DiskriminierungSchweizer Witwerrente wird erneut zum Fall für Strassburg
zs, sda
9.3.2021 - 15:43
Ein Schweizer hat keinen Anspruch auf Witwerrente mehr, seit seine jüngste Tochter volljährig ist. Nun befasst sich die Grosse Kammer des Europäischen Gerichtshofs für Menschenrechte (EGMR) mit dem Fall – auf Wunsch von Bern.
zs, sda
09.03.2021, 15:43
09.03.2021, 16:03
SDA
Ein Schweizer kümmerte sich nach dem Tod seiner Ehefrau 16 Jahre lang um seine Kinder. Ab Dezember 2010 – damals war er 57 Jahre alt – wurde ihm aber keine Witwerrente mehr ausbezahlt. Er gelangte deshalb an den Europäischen Gerichtshof für Menschenrechte (EGMR) in Strassburg.
Das AHV-Gesetz sieht die Aufhebung der Rente bei Witwern bei der Volljährigkeit des jüngsten Kindes explizit vor. Bei Frauen besteht auch nach Erreichen der Volljährigkeit der Kinder ein Anspruch auf Witwenrente.
Die Schweiz verstosse mit ihrem Gesetz zur Witwenrente gegen das Diskriminierungsverbot von Artikel 14 der Europäischen Menschenrechtskonvention in Verbindung mit Artikel 8, das «Recht auf Achtung des Privat- und Familienlebens». Zu diesem Schluss kam der EGMR im Oktober vergangenen Jahres in erster Instanz.

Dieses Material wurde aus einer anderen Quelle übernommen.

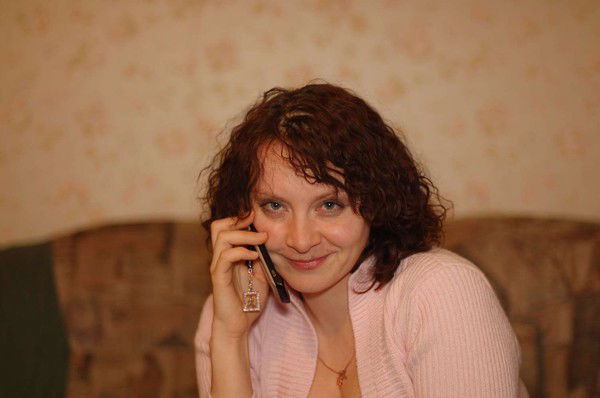 Светлана Каленова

Nun wird der Fall auch vor der grossen Kammer des Gerichtshofs behandelt. Das Gesuch dafür stellte die Schweizer Regierung.
Mann als Versorger
Der beschränkte Witwerrenten-Anspruch in der Schweiz basiert auf der Überlegung, dass der Ehemann für den Lebensunterhalt der Frau aufkommt. War diese über Jahre für die Versorgung der Kinder zuständig, wurde ihr nicht zugemutet, wieder Tritt in der Erwerbswelt finden zu müssen.

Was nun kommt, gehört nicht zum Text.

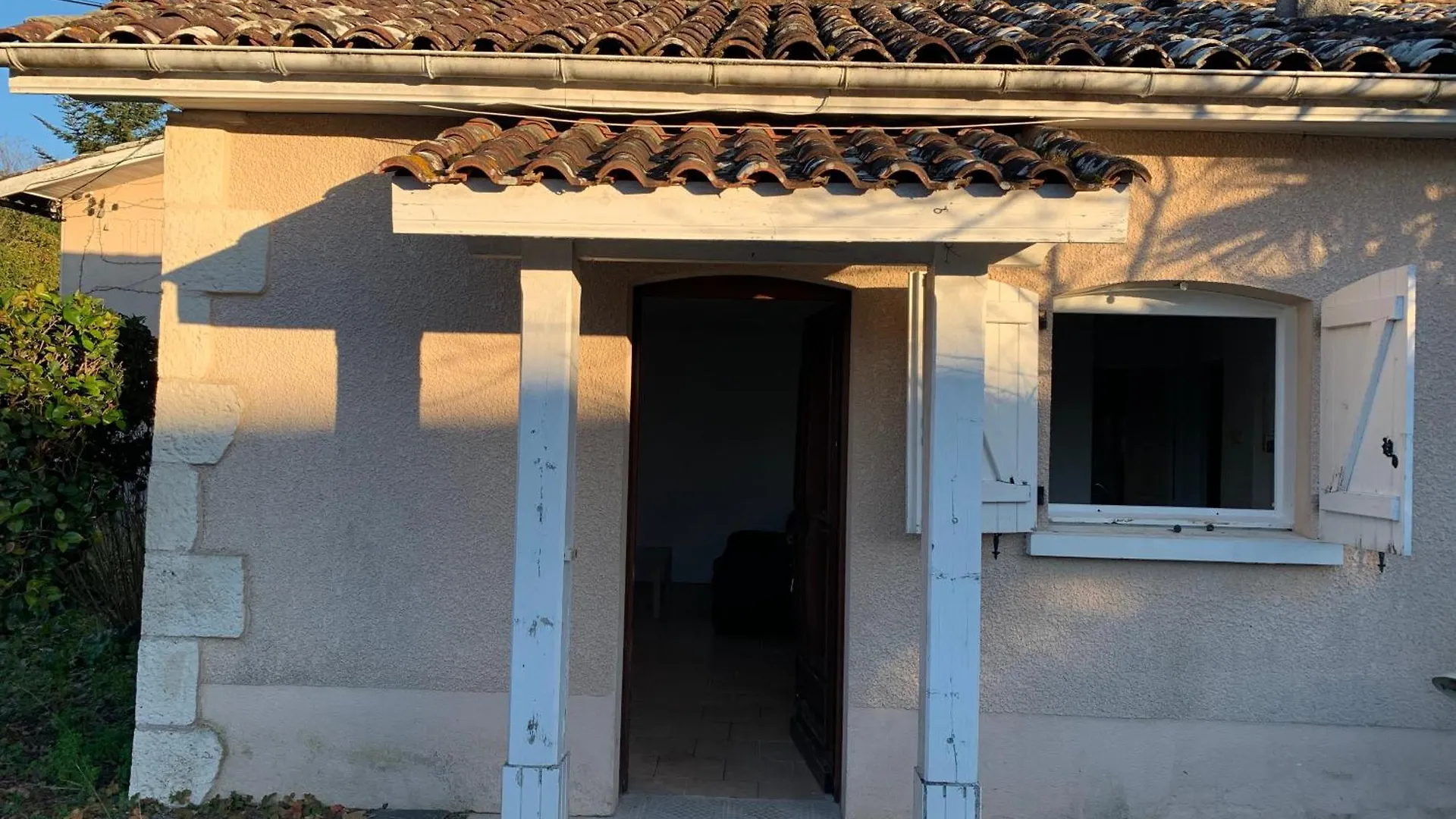 Petite Maison Dans Un Village Du Gers Sabazan France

Diese Grundüberlegung entspricht gemäss der ersten Instanz des EGMR nicht mehr den heutigen Gegebenheiten. Die Konvention sei ein «lebendiges Instrument», mit dem die Umstände unter dem aktuellen Blickwinkel behandelt werden müssten, hielt sie in seinem Urteil fest.
Es gebe keine haltbaren Gründe, weshalb es einem 57-jährigen Mann, der über lange Zeit nicht mehr erwerbstätig war, leichter fallen sollte eine Stelle zu finden, als einer Frau.